### TO DO:
Taking the line with "jennie garth weight loss before after" as the first and the line with "Romina Karisma Tall" as the last, set down the lines below exactly, pictures excluded.

=== Section Start ===

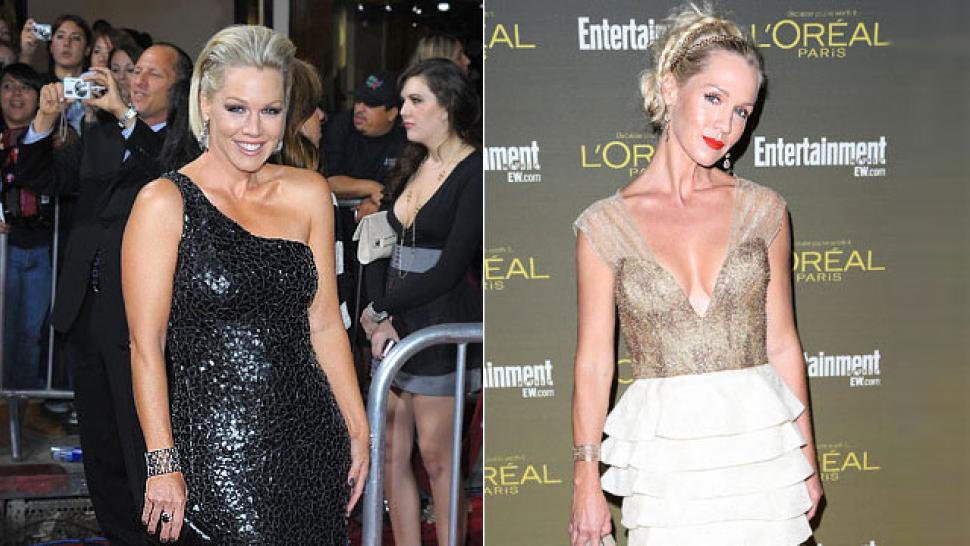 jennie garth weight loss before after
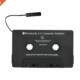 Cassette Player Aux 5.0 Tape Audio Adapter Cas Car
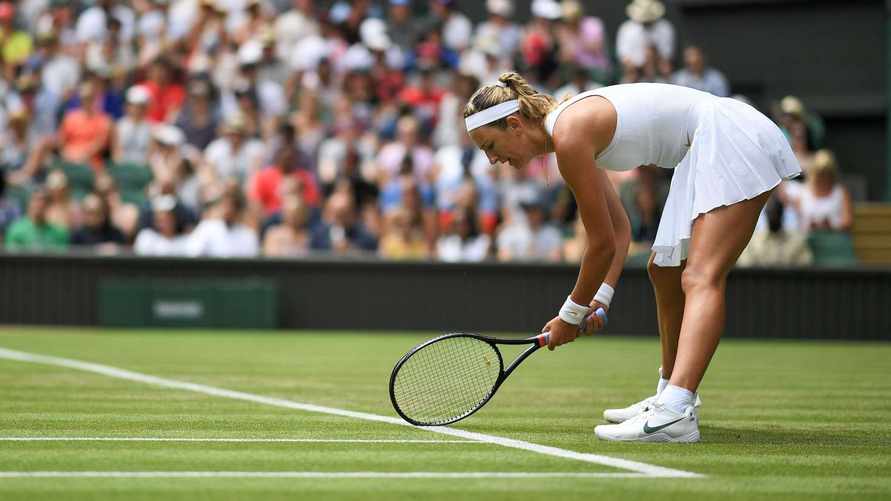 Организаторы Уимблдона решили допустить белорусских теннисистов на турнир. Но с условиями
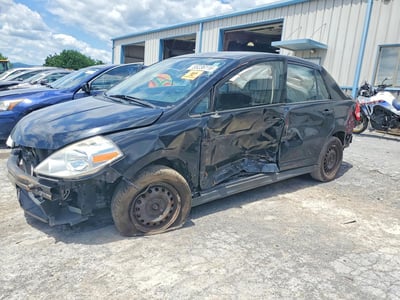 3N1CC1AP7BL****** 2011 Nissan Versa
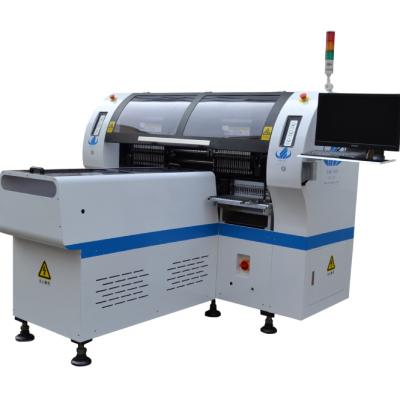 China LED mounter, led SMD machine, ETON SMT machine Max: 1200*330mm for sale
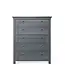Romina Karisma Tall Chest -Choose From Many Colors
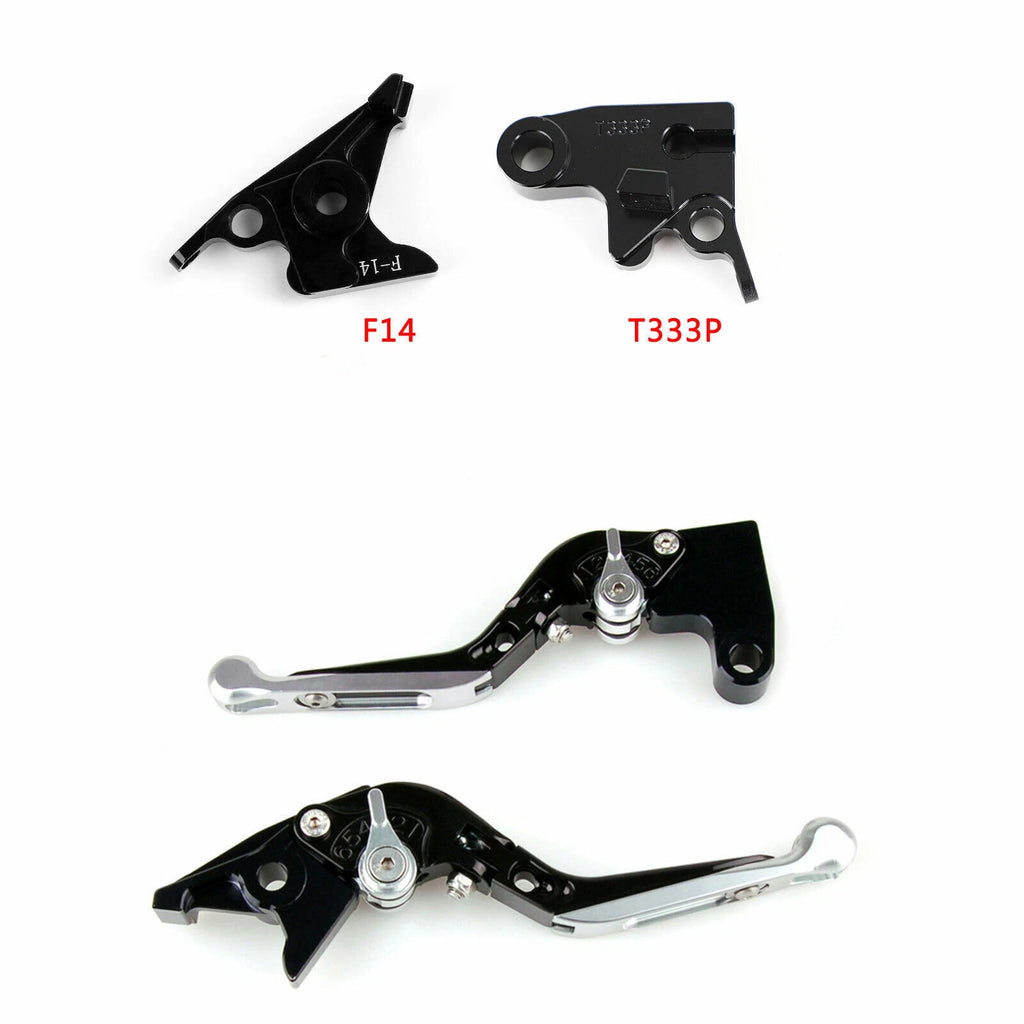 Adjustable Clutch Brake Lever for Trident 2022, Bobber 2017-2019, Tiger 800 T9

=== Section End ===
=== Section Start ===

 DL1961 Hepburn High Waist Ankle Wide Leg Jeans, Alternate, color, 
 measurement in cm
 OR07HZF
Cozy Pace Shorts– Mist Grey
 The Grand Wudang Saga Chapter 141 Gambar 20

=== Section End ===
=== Section Start ===

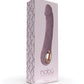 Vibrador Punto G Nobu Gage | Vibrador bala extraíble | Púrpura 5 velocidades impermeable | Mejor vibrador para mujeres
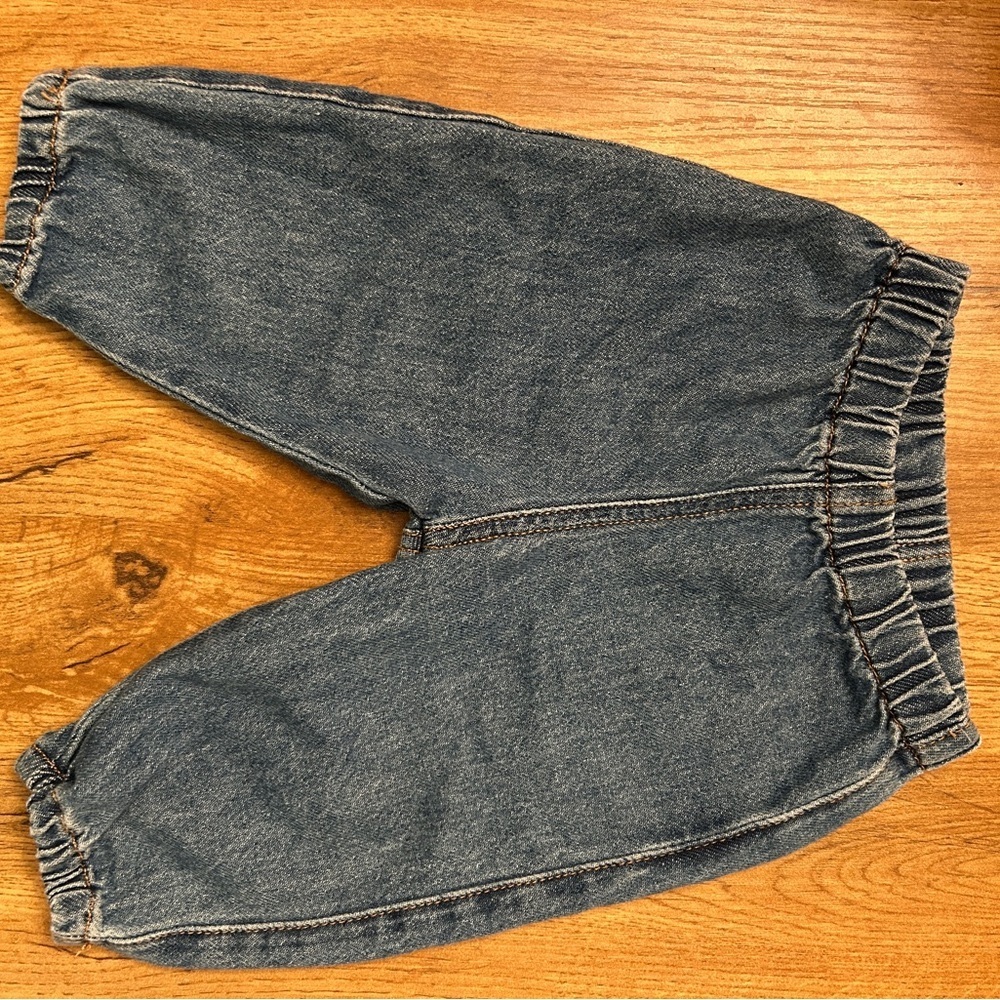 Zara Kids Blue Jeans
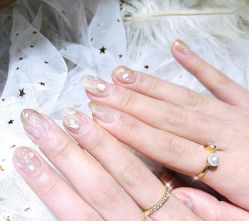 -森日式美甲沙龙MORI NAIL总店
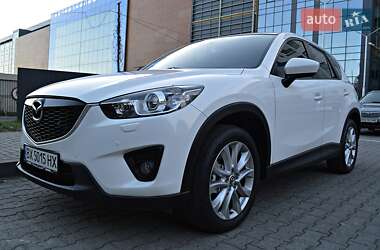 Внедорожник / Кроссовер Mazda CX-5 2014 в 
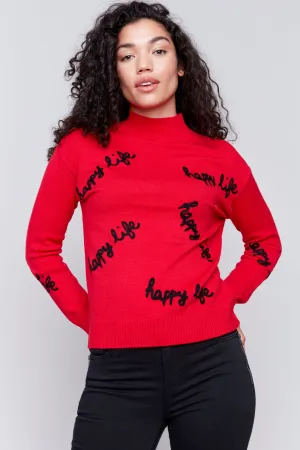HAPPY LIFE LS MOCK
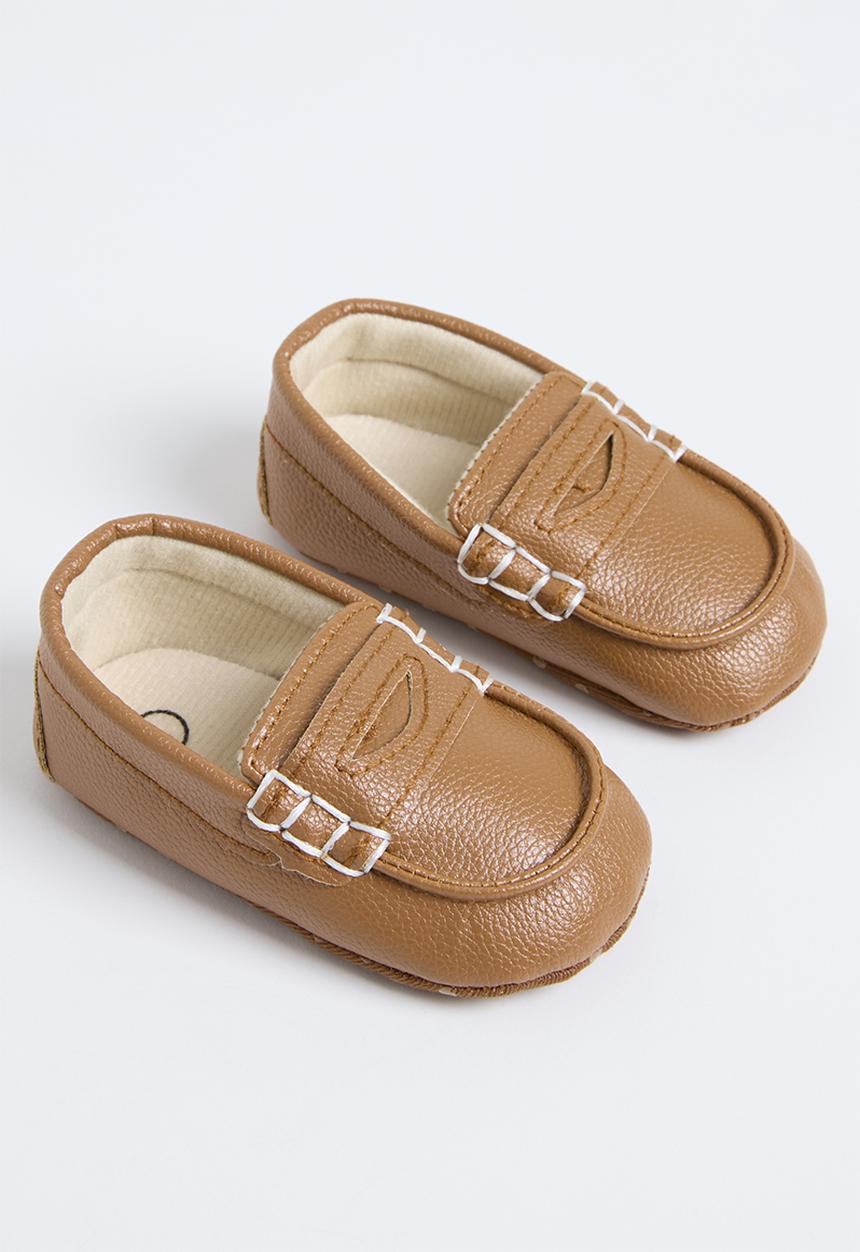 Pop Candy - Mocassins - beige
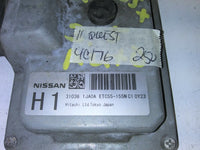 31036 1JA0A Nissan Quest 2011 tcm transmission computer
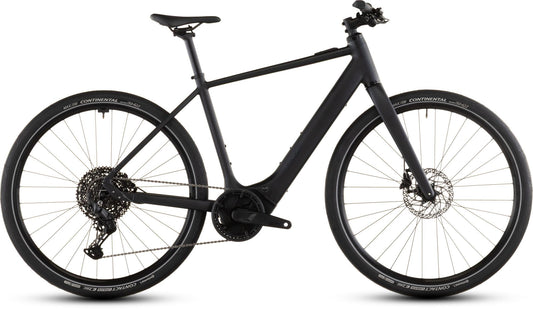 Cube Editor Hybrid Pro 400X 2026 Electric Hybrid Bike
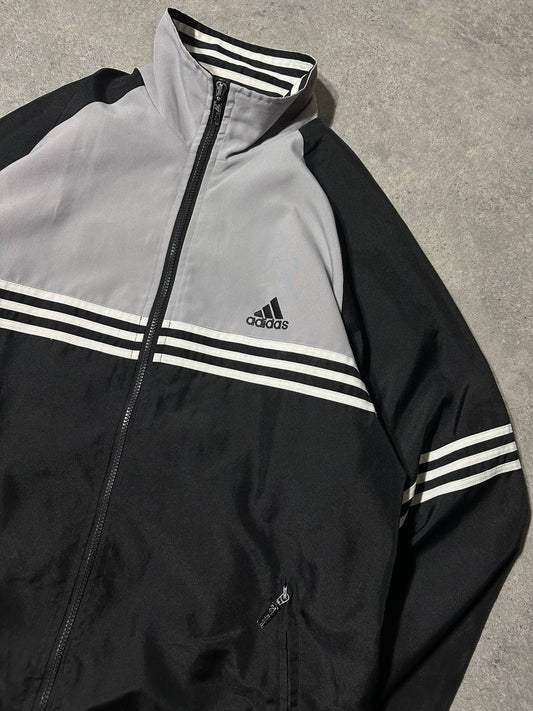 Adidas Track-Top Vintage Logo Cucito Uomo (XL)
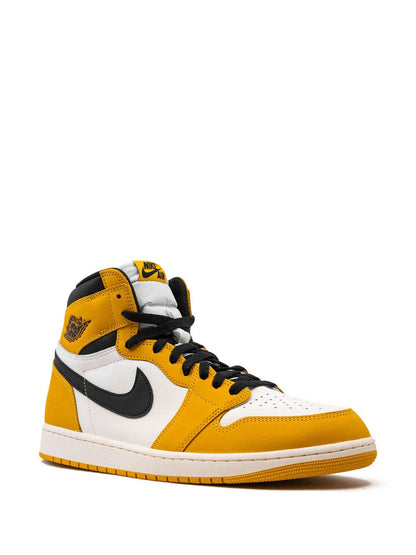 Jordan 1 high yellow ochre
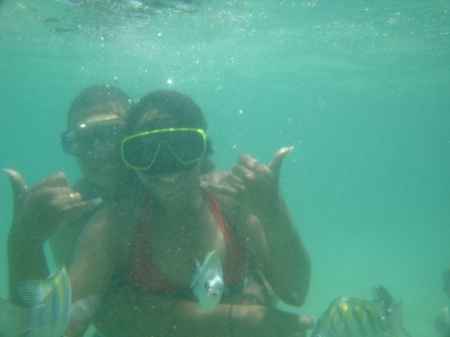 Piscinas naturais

=== Section End ===

### YOUR RESPONSE:
 jennie garth weight loss before after
 Cassette Player Aux 5.0 Tape Audio Adapter Cas Car
 Организаторы Уимблдона решили допустить белорусских теннисистов на турнир. Но с условиями
 3N1CC1AP7BL****** 2011 Nissan Versa
 China LED mounter, led SMD machine, ETON SMT machine Max: 1200*330mm for sale
Romina Karisma Tall Chest -Choose From Many Colors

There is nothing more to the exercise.